I can't add anymore. They are beautiful.


----------



## cidrontmg (Jul 27, 2010)

Lovely boxes for lovely engines! I´d like to ask a favor: could you show also the machines inside the boxes, please!


----------



## ozzie46 (Jul 27, 2010)

There's nothing left to say. I'll echo everyone else EXCELLENT work.  :bow: :bow:

  Ron


----------



## Tin Falcon (Jul 27, 2010)

Beautiful work George. I know a guy that has most of his engines in Plexiglas display cases . Then an aluminum transport case to put the display case in. You can not beat walnut for classy furniture.
Tin


----------



## gbritnell (Jul 27, 2010)

Thanks everyone.
Cidrontmg, I'm not quite sure what you're asking. Do you want to see pictures of the engines themselves or pictures of them sitting in the boxes?

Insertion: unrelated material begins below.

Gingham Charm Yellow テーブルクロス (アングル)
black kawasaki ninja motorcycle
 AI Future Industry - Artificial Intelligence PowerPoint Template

If you want to see the engines you can go to this link and then look at the other ones under my name.
gbritnell
[ame]http://www.youtube.com/watch?v=O_vQp0gevh0[/ame]


----------



## Troutsqueezer (Jul 27, 2010)

Hi George, 

I used to make jewelery boxes as a hobby there for a few years. I appreciate a well-joined box and yours certainly look beautiful. Well done. 

One thing that used to gall me was the price they were asking for the small solid brass hinges that had a stop, so the lid would only open to a certain point - usually to where the lid is held at a few degrees past vertical. Now, with my new machining hobby, I've been thinking about making my own solid brass hinges. 

One trick I learned and it has to do with filling tiny gaps in the finger or dovetail joints was to put a piece of whatever wood my boxes were made of to my small belt sander and collect the sawdust. Then I would mix it into a small amount of Elmer's wood glue and use it as putty. It would match the color of the wood perfectly. 

One of many I made. 






Can I ask where or how you made those engraved brass plates?

-Trout


----------



## putputman (Jul 27, 2010)

George, there is perfection in everything you do. The boxes are just as beautiful as your engines.

Did you build a fixture for the finger joints, or how did you make them.


----------



## Blogwitch (Jul 28, 2010)

George,

I loathe working in wood with a passion, but I really do appreciate it when I see nice workmanship.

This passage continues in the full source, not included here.